Le Jeu de paume détaille en quelques séries marquantes les préoccupations sociales et culturelles finement mises en scène par la photographe américaine.
Pour la première exposition monographique dans une institution européenne de l’artiste américaine, le Jeu de paume, en association avec la Haus der Kunst de Munich et la Foundation for the Exhibition of Photography, a choisi pour fil directeur les œuvres représentatives des questions qui préoccupent Lorna Simpson depuis plus de trente ans et qui portent en elles les évolutions de son travail. En point de départ cependant ne figure aucune de ses premières photographies réalisées dans la veine de la street photography, du temps où elle était étudiante à la School of Visual Arts à New York puis à l’Université de Californie à San Diego. Le marqueur du début de l’œuvre ne se trouve, ni pour Lorna Simpson ni pour Joan Simon, commissaire de l’exposition, dans cette production documentaire. Il est dans Gestures/Reenactments (« Gestes vécus/Gestes rejoués »), présenté dans la première salle du parcours.

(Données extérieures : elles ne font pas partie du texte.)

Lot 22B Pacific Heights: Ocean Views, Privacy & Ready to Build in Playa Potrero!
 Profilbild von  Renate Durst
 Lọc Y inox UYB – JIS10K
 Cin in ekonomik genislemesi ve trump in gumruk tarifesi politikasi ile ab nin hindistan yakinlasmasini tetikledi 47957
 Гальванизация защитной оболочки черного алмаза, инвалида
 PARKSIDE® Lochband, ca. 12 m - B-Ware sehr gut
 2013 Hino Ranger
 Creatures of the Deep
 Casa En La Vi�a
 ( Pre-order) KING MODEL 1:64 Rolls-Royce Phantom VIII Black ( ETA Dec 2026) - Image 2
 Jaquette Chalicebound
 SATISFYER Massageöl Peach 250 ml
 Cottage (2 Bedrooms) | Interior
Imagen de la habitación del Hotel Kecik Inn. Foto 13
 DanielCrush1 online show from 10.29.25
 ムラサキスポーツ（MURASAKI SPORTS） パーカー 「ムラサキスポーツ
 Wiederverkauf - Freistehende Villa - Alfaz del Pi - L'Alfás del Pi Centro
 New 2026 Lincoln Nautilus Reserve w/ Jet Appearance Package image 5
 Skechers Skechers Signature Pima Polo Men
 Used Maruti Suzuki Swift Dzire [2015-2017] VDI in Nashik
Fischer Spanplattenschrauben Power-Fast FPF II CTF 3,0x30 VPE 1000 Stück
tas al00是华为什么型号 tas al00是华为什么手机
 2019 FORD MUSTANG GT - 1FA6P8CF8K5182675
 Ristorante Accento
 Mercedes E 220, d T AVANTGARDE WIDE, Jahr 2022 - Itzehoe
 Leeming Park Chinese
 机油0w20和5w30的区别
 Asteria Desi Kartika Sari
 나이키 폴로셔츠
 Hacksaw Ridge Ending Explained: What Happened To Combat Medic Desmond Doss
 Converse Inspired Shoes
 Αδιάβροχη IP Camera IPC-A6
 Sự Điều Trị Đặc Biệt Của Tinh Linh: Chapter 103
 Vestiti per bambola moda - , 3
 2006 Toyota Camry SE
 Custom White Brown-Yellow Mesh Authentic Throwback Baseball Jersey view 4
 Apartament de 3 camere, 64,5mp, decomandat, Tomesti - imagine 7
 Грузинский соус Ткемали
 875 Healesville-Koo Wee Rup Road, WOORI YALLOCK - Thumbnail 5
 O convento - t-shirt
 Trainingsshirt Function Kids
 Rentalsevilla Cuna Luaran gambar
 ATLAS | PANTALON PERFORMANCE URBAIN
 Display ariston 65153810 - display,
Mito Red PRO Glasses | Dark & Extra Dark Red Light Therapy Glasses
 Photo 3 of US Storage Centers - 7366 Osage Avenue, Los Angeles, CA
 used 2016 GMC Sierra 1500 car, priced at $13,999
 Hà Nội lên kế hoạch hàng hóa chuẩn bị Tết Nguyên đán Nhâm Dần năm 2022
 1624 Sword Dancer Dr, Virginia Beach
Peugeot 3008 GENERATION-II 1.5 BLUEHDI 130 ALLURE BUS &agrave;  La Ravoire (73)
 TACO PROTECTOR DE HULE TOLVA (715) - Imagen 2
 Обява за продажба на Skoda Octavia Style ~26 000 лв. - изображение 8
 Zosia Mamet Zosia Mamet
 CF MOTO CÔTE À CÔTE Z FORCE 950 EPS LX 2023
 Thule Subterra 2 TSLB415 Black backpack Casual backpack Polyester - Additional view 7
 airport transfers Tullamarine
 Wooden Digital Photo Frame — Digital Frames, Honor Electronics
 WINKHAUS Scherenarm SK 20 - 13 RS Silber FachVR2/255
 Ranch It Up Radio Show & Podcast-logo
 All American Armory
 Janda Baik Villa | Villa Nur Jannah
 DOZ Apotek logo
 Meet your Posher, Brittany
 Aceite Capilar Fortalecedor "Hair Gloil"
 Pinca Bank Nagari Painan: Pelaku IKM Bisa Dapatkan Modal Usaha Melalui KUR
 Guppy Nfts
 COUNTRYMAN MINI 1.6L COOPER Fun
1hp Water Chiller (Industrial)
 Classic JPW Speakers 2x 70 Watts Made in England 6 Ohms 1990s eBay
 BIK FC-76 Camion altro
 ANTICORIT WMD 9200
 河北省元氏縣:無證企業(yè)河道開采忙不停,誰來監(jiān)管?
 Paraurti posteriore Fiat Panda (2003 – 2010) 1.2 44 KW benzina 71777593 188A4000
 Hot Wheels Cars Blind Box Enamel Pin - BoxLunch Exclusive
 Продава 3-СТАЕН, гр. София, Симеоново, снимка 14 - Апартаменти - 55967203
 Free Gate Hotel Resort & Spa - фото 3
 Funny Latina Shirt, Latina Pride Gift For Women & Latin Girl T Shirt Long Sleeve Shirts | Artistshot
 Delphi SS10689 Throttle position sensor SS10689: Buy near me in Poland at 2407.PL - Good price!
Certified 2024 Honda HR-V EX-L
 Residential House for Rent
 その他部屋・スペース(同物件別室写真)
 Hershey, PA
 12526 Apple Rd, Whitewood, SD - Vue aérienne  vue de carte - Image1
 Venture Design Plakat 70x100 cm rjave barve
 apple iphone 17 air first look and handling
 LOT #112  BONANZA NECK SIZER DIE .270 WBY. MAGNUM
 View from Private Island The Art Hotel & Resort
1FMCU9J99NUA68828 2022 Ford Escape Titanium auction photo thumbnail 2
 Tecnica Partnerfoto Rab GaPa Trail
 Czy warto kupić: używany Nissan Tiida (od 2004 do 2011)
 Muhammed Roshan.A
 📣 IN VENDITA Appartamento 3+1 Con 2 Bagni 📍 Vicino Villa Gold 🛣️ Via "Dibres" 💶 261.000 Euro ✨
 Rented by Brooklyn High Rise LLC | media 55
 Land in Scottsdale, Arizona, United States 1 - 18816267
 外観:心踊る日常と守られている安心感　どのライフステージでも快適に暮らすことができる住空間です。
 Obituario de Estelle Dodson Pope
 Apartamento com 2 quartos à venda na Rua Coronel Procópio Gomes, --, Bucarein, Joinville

Ce premier montage photo-texte réalisé en 1985 inaugure la réflexion de Simpson sur l’histoire culturelle afro-américaine, la question raciale et sexuelle comme sur le rapport entretenu entre identité et mémoire, réalité et fiction. En six photographies noir et blanc accompagnées d’un récit sous la forme du souvenir d’une conversation sans lien direct avec elles, le corps noir sculptural d’un homme habillé d’un tee-shirt et pantalon blancs, et cadré à chaque fois sur une partie de son corps, tourne en six séquences sur lui-même sans que jamais sa figure n’apparaisse au complet.
Idem pour Waterbearer (1986), dans laquelle l’image d’une femme noire vêtue d’une robe blanche, photographiée de dos une cruche argentée dans une main, un bidon en plastique d’eau dans l’autre, est accompagnée d’un bref texte incisif : « Elle le vit disparaître près de la rivière. Ils lui demandèrent de raconter ce qui s’était passé. Mais ce fut seulement pour faire fi de sa mémoire. »
L’image chez Lorna Simpson est un document témoin, un argument d’analyse critique que son art du cadrage et du récit, nourri de tradition orale et de poésie, amplifie. Photographies, dessins, sérigraphies ou vidéos, l’artiste née à Brooklin en 1960 dans une famille engagée dans la lutte contre la ségrégation interroge le réel, réactive subtilement la mémoire, ceci avec une grâce implacable.
jusqu’au 1er septembre, Jeu de paume, 1, place de la Concorde, 75008 Paris, tél. 01 47 03 12 50, tlj sauf lundi et jf, mardi 11h-21h, mercredi-dimanche 11h-19h, www.jeudepaume.org Catalogue, coéd. Jeu de paume/FEP, DelMonico Books-Prestel Publishing, 49,95 €.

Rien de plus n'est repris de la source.